As this output explains, the reason for the compiler error is that we need the right trait in scope to be able to use the next method. Given our discussion so far, you might reasonably expect that trait to be Stream, but it’s actually StreamExt. Short for extension, Ext is a common pattern in the Rust community for extending one trait with another.

We’ll explain the Stream and StreamExt traits in a bit more detail at the end of the chapter, but for now all you need to know is that the Stream trait defines a low-level interface that effectively combines the Iterator and Future traits. StreamExt supplies a higher-level set of APIs on top of Stream, including the next method as well as other utility methods similar to those provided by the Iterator trait. Stream and StreamExt are not yet part of Rust’s standard library, but most ecosystem crates use the same definition.

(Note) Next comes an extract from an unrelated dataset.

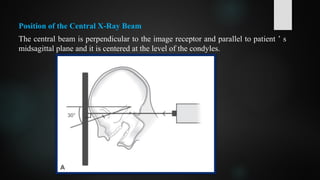 Position of the Central X-Ray Beam
The central beam is perpendicular to the image receptor and parallel to patient ’ s
midsagittal plane and it is centered at the level of the condyles.
 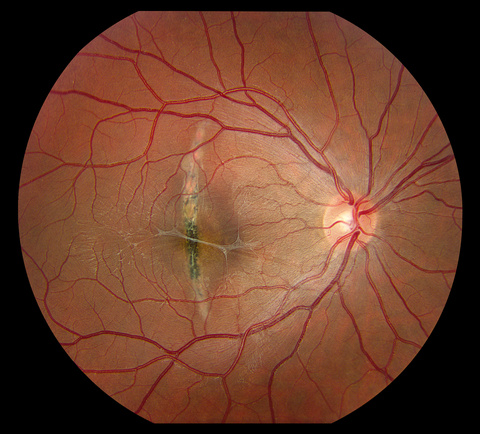 Choroidal Scar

The fix to the compiler error is to add a use statement for trpl::StreamExt, as in Listing 17-31.

Filename: src/main.rs
extern crate trpl; // required for mdbook test use trpl::StreamExt; fn main() { trpl::run(async { let values = [1, 2, 3, 4, 5, 6, 7, 8, 9, 10]; let iter = values.iter().map(|n| n * 2); let mut stream = trpl::stream_from_iter(iter); while let Some(value) = stream.next().await { println!("The value was: {value}"); } }); }
Listing 17-31: Successfully using an iterator as the basis for a stream

With all those pieces put together, this code works the way we want! What’s more, now that we have StreamExt in scope, we can use all of its utility methods, just as with iterators. For example, in Listing 17-32, we use the filter method to filter out everything but multiples of three and five.

Filename: src/main.rs
extern crate trpl; // required for mdbook test use trpl::StreamExt; fn main() { trpl::run(async { let values = 1..101; let iter = values.map(|n| n * 2); let stream = trpl::stream_from_iter(iter); let mut filtered = stream.filter(|value| value % 3 == 0 || value % 5 == 0); while let Some(value) = filtered.next().await { println!("The value was: {value}"); } }); }
Listing 17-32: Filtering a stream with the StreamExt::filter method

Of course, this isn’t very interesting, since we could do the same with normal iterators and without any async at all. Let’s look at what we can do that is unique to streams.

Composing Streams

Many concepts are naturally represented as streams: items becoming available in a queue, chunks of data being pulled incrementally from the filesystem when the full data set is too large for the computer’s memory, or data arriving over the network over time. Because streams are futures, we can use them with any other kind of future and combine them in interesting ways. For example, we can batch up events to avoid triggering too many network calls, set timeouts on sequences of long-running operations, or throttle user interface events to avoid doing needless work.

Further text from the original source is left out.